In many ways, islands are ideal models for studying biodiversity changes9. Insular biotas are particularly vulnerable to human-mediated drivers that are known to be causes of the biotic homogenization process, such as species introductions, habitat loss and climate change10–14. In addition, island ecosystems have higher proportions of endemics than mainland areas15,16, thus making them important habitats and high priorities for conservation10. In the biogeographical realm of Remote Oceania, many plant species have threatened status, although the scale of the problem is still unclear, as only ∼3% of species have been assessed by the International Union for Conservation of Nature17. Due to the threatened status of many plant species, it is likely that Pacific islands have been susceptible to floristic homogenization in both the past and present (for example, refs. 18–20).

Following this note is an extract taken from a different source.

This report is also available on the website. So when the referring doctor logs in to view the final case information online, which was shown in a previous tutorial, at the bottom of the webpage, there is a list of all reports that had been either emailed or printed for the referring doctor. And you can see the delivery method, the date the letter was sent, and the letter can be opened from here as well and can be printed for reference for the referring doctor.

Many studies of biotic similarity rely on published lists of native, non-native, extinct or extirpated taxa to delineate a baseline for biodiversity composition. Such lists limit the time frame for setting a baseline to a few centuries, and they exclude unrecorded introductions or extirpations (for example, refs. 20–23). Fossil datasets have the potential to extend these timescales and capture previously unrecorded introductions or extirpations24–32.

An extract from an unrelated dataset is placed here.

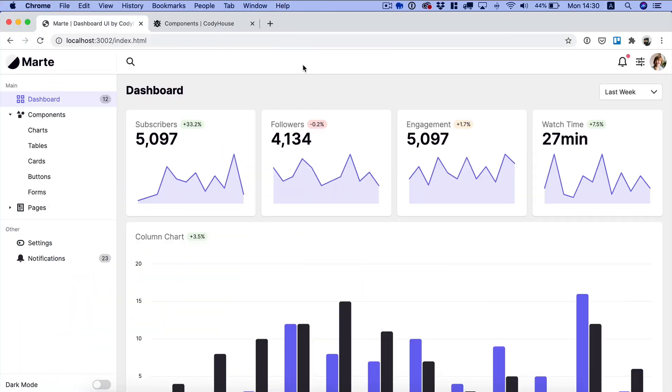Hello everyone, Sebastiano here of Codihouse.com. In this video I want to show you how easy it is for a designer to integrate interactive components using the Codihouse UI framework.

Remote Oceania was colonized by people in two broad migrations ∼3,300–2,700 and ∼1,000–700 years ago (see Supplementary Table 1 and references therein). Studies of the islands have provided an abundance of information, both palaeoecological and archaeological, allowing us to observe and quantify trends in floristic similarity on a longer temporal scale and to observe human settlement and activity. By analysing 15 fossil pollen records from Remote Oceania encompassing the past 5,000 years and a west-to-east gradient of 8,300 km, we quantify the taxonomic similarity of island floras over time. We use two methods for standardizing taxon names: standardization-1, which preserves the lowest level of identification, and standardization-2, which uses a higher level of taxonomic identification. We use Bray–Curtis similarity for the pairwise similarity analyses33.
Results
We focus on the results of the standardization-1 approach, as it utilizes the lowest taxonomic level of identification. Out of a possible 105 slope coefficients (whole site-to-site comparisons over time), a majority indicate trends of homogenization for 13 of the 15 sites (Fig. 1), while Lake Tagimaucia (Taveuni), Waitetoke (Ahuahu), Tukou Marsh (Rapa), St. Louis Lac (Grande Terre), Bonatoa Bog (Viti Levu) and Lake Lanoto’o (Upolu) show the most differentiation, Yacata (Yacata Island), Avai’o’vuna Swamp (Pangaimotu) and Finemui Swamp (Ha’afeva) show the most floristic homogenization trends over time. Supplementary Fig. 11 shows the results of the analysis using the standardization-2 approach.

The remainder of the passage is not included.